Transcribe each record precisely; images stay out.

==============================

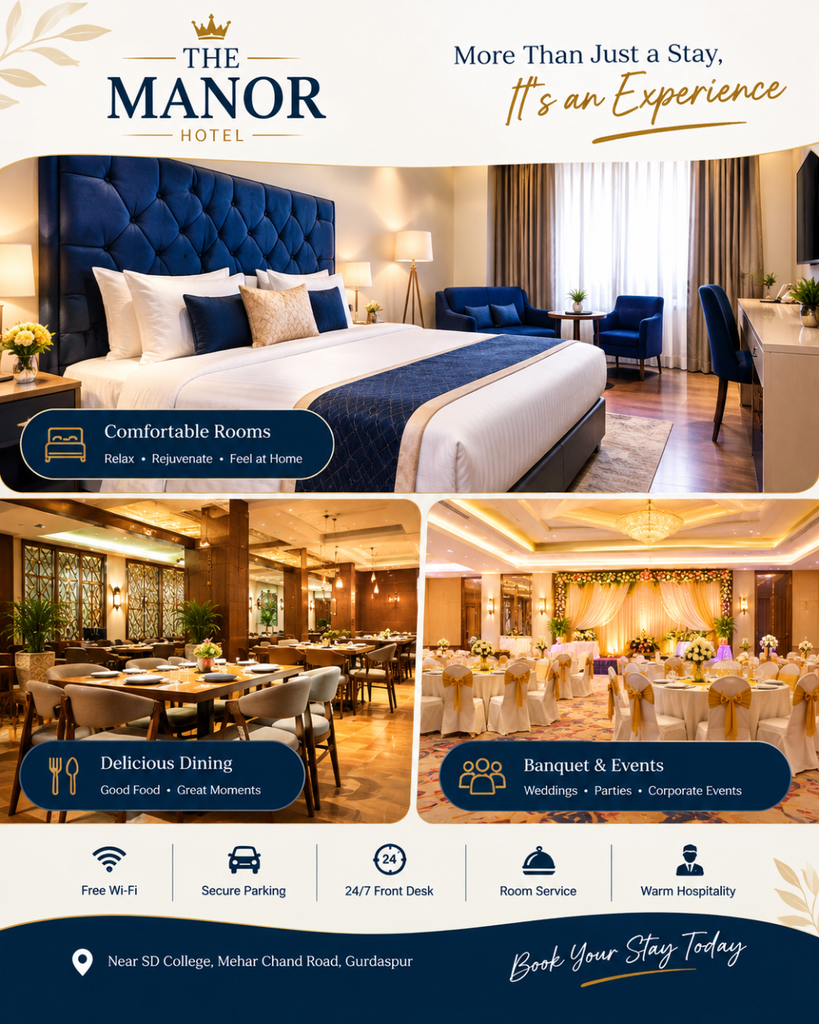 Hotel The Manor restaurant in Gurdaspur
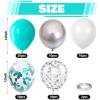 Teal Blue and Silver Balloons, 60 Packs 12Inch Teal and Metallic Silver Balloons, Teal Blue White Silver Confetti Balloon with Ribbons for Wedding Baby Bridal Baby Shower Birthday Party Decoration view 2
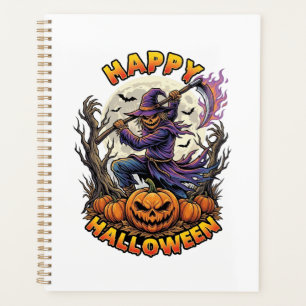 Happy Halloween Scarecrow Reaper Flaming Scythe Fu Planner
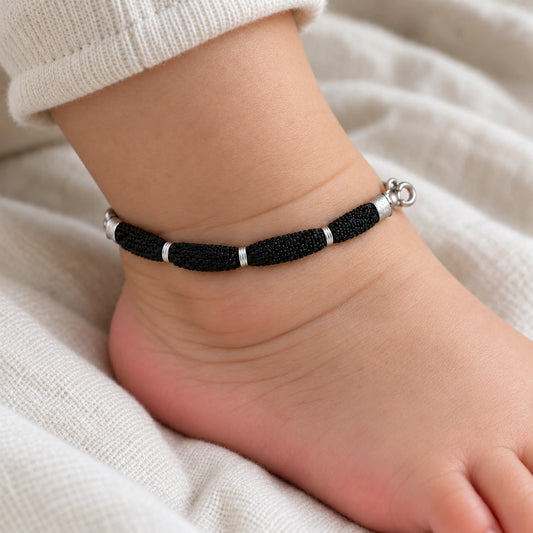 Baby Thread Anklet with Pure Silver Beads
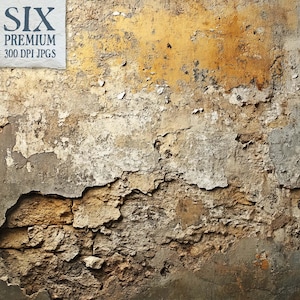 May include: A close-up of a weathered, cracked wall with patches of yellow paint. The wall is made of rough, uneven stone and concrete. The texture is rough and uneven.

==============================

* **TASK ANSWER**:
 Hotel The Manor restaurant in Gurdaspur
 Teal Blue and Silver Balloons, 60 Packs 12Inch Teal and Metallic Silver Balloons, Teal Blue White Silver Confetti Balloon with Ribbons for Wedding Baby Bridal Baby Shower Birthday Party Decoration view 2
 Happy Halloween Scarecrow Reaper Flaming Scythe Fu Planner
 Baby Thread Anklet with Pure Silver Beads
 May include: A close-up of a weathered, cracked wall with patches of yellow paint. The wall is made of rough, uneven stone and concrete. The texture is rough and uneven.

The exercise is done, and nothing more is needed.